Andrew Dominik: We get along. Brad is very relaxed as an actor. He's one of those guys who's looking for momentary truths. He's very loose when he works. It's kind of a great thing, because it allows for certain collisions to happen in scenes. He's discovering it as he's doing it, so it always seems more visceral. I love working with him, because he's not afraid to try things from X amount of different directions, and use his imagination. It feels real, it feels like it's happening, when you work that way. I guess from his point of view, he probably just trusts that I'm not going to use any bad takes. He trusts my sense of taste. We went through the whole getting-to-know-you type thing on Jesse James, and when you work with somebody, you really get a sense of their mettle. Brad is someone I really respect and really trust.
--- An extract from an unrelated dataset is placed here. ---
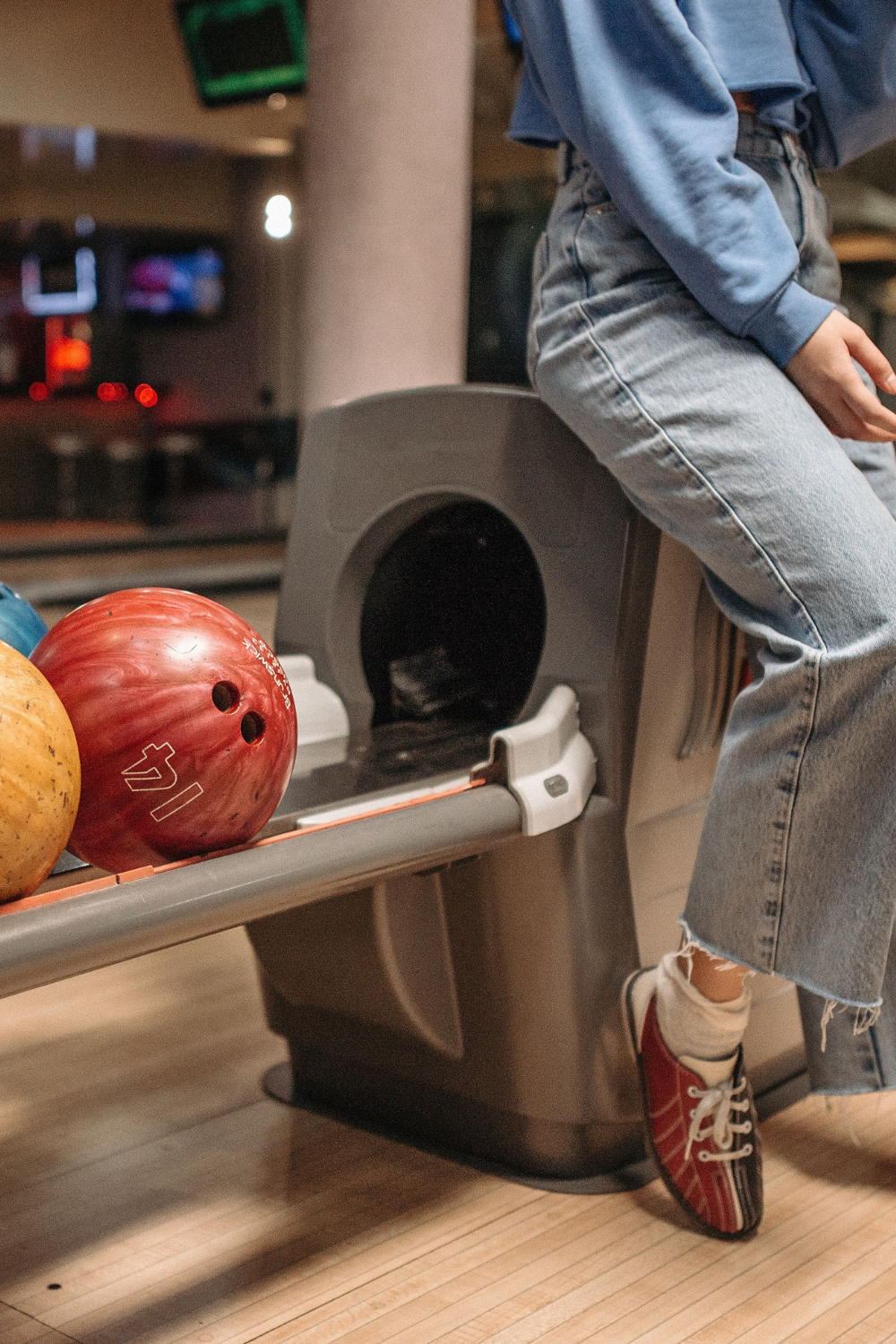What to Wear to a Bowling Night Out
Working together is kind of a no-brainer. We really enjoy it.
It really shows in the film too, I think. It's a character that he doesn't normally get the chance to portray. It was really fun to see him sink his teeth into that.
Andrew Dominik: I think for him, it's a way to take a holiday from himself. Actors have either got to play something that's close to them, or something that's the complete opposite. Brad is a generous, well-raised Missouri boy, and in this he gets to play a selfish prick. It's kind of like a holiday.
Is there anything you're working on now that you can talk about?
Andrew Dominik: There's a movie called Blonde that I'm working on, which is based on a book by Joyce Carol Oates, and it's about the life of Marilyn Monroe. It's kind of a Grimm's fairy tale about a person who is kind of losing their way. The script has been written for awhile, but I'm sort of reworking it at the moment. I really want to do it. It's kind of like my dream project.
What would you like to say to anyone who might be curious about Killing Them Softly, about why they should check it out in theaters this Friday?
Andrew Dominik: I think the movie is entertaining. It's funny, right?
Yes, it definitely is. That's all I have. Thanks so much, Andrew. I hope this does really well.
Andrew Dominik: OK. Thank you very much.